Without changing anything, set down every line shown below.

[Data to process]:
-- Opening Marker --

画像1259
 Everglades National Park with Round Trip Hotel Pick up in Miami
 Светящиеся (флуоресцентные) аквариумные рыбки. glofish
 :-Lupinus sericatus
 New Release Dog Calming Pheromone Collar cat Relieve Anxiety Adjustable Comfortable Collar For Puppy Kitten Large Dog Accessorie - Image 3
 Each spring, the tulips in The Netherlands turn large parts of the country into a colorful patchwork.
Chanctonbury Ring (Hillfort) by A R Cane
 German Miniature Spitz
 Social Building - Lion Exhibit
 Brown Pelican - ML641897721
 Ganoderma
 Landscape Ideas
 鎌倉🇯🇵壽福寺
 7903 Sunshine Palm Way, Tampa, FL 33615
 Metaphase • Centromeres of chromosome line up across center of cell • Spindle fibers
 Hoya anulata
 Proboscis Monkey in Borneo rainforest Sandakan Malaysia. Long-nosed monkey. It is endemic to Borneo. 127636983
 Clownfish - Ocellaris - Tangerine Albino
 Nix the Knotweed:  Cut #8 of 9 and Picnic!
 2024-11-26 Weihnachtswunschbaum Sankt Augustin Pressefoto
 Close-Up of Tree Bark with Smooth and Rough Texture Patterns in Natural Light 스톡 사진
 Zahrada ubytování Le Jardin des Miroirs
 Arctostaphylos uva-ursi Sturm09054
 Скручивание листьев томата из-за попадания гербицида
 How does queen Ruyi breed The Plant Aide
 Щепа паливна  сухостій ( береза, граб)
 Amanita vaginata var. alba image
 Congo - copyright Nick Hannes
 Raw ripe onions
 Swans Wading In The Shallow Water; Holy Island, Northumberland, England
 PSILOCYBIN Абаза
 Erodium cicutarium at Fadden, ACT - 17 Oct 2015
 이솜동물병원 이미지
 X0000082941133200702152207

-- Closing Marker --

[Reply]:
画像1259
 Everglades National Park with Round Trip Hotel Pick up in Miami
 Светящиеся (флуоресцентные) аквариумные рыбки. glofish
 :-Lupinus sericatus
 New Release Dog Calming Pheromone Collar cat Relieve Anxiety Adjustable Comfortable Collar For Puppy Kitten Large Dog Accessorie - Image 3
 Each spring, the tulips in The Netherlands turn large parts of the country into a colorful patchwork.
Chanctonbury Ring (Hillfort) by A R Cane
 German Miniature Spitz
 Social Building - Lion Exhibit
 Brown Pelican - ML641897721
 Ganoderma
 Landscape Ideas
 鎌倉🇯🇵壽福寺
 7903 Sunshine Palm Way, Tampa, FL 33615
 Metaphase • Centromeres of chromosome line up across center of cell • Spindle fibers
 Hoya anulata
 Proboscis Monkey in Borneo rainforest Sandakan Malaysia. Long-nosed monkey. It is endemic to Borneo. 127636983
 Clownfish - Ocellaris - Tangerine Albino
 Nix the Knotweed:  Cut #8 of 9 and Picnic!
 2024-11-26 Weihnachtswunschbaum Sankt Augustin Pressefoto
 Close-Up of Tree Bark with Smooth and Rough Texture Patterns in Natural Light 스톡 사진
 Zahrada ubytování Le Jardin des Miroirs
 Arctostaphylos uva-ursi Sturm09054
 Скручивание листьев томата из-за попадания гербицида
 How does queen Ruyi breed The Plant Aide
 Щепа паливна  сухостій ( береза, граб)
 Amanita vaginata var. alba image
 Congo - copyright Nick Hannes
 Raw ripe onions
 Swans Wading In The Shallow Water; Holy Island, Northumberland, England
 PSILOCYBIN Абаза
 Erodium cicutarium at Fadden, ACT - 17 Oct 2015
 이솜동물병원 이미지
 X0000082941133200702152207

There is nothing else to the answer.